The Group is also contributing to the Plant Cell Atlas (PCA) initiative, which is comprehensively describing plant cell types and their spatial organisation using high-resolution data, by developing our own single-cell sequencing and analysis platforms.

The compiled atlases can help to answer complex biological questions about cellular function, diversity, and evolution - how cells differ across species, and understanding the composition of tissue within an organism.

In the long-term cell atlas analysis could help with the development of biomarkers for different diseases, repurposing existing drugs for multiple diseases. In agriculture it could enable a better understanding of the complex interactions between pests and the plants in order to develop targeted treatments.

“It’s really exciting to see the new experimental methods being coupled with developments in machine learning and AI, and how they are really increasing our insights in such a rapid way,” Irene adds.

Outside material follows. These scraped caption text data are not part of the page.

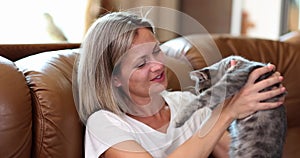 Portrait of beautiful woman holding small cat from happiness at home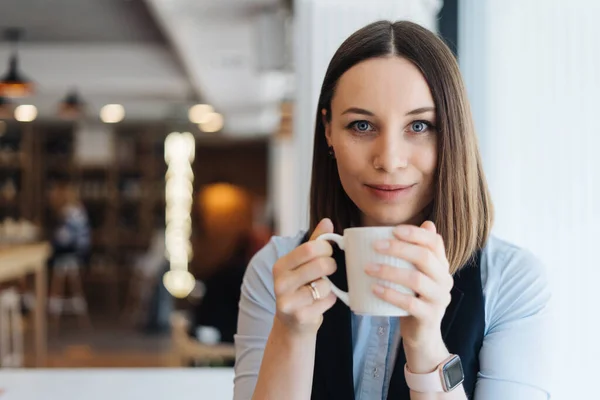 Portret van een jonge vrouw die koffie drinkt aan tafel in café — Stockfoto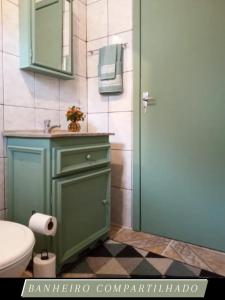 格拉玛多Casinha de Gramado的一间带绿色橱柜和卫生间的浴室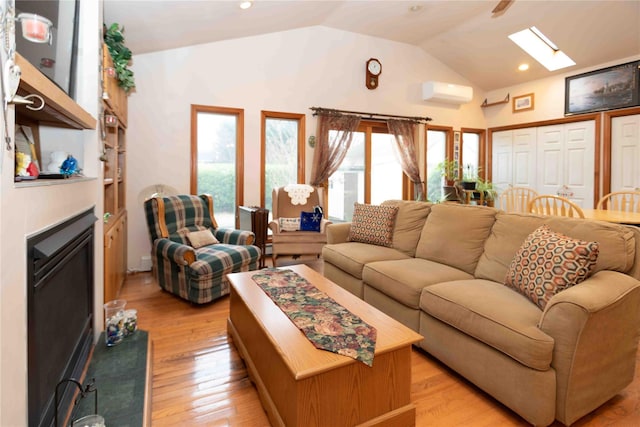 living room featuring a wall unit AC, vaulted ceiling with skylight, and light hardwood / wood-style floors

What really fascinates me is the diversity of different cellular interactions, the robustness and plasticity of cells that is being uncovered by generating and studying these atlases.


 

Prof Irene Papatheodorou

Prof Irene Papatheodorou, Head of Data Science at EI

Prof Irene Papatheodorou, Head of Data Science at the Earlham Institute leads projects working with a number of cell atlas consortiums including the Plant, Human, and Biodiversity Cell Atlas projects.

Global challenges

The cell atlas community holds the potential to unlock important new insights but bringing together these vast datasets and multiple studies from across the globe come with inherent challenges.

One of the major challenges facing the community is the integration of datasets generated using multiple technologies, sampling methods, and annotation standards. Differences in sequencing platforms, library preparation methods, and computational pipelines can introduce unwanted variation, while inconsistent metadata standards make it difficult to compare and reproduce studies across cell types.

As part of the Earlham Institute’s Cellular Genomics research programme, data scientists are currently working on metadata standards for the single-cell cell atlas community, developing scalable and FAIR (findable, accessible, interoperable, reusable) systems for large-scale data integration, and pipelines to harmonise and analyse single-cell data.

“Missing and inconsistent metadata poses a big problem in the community, impacting both the sharing of raw sequencing data and integrating atlases. Tools such as COPO are helping to address these challenges and support the community, but another challenge we face is the integration of atlases, and the wider dissemination and usability of the resulting trained AI models ” says Irene.

International collaboration is critical to address these challenges, you need a range of expertise to understand the various challenges from different perspectives.

“From designing and interpreting the experimental methods, and the metadata generated, to understanding the limitations and strengths of the machine learning models. It requires a range of computational expertise from bioinformatics to statistics and machine learning experts who can examine and interrogate the limits of data integration, alongside the software engineers who can develop the scalable tools for handling ever-growing datasets,” adds Irene.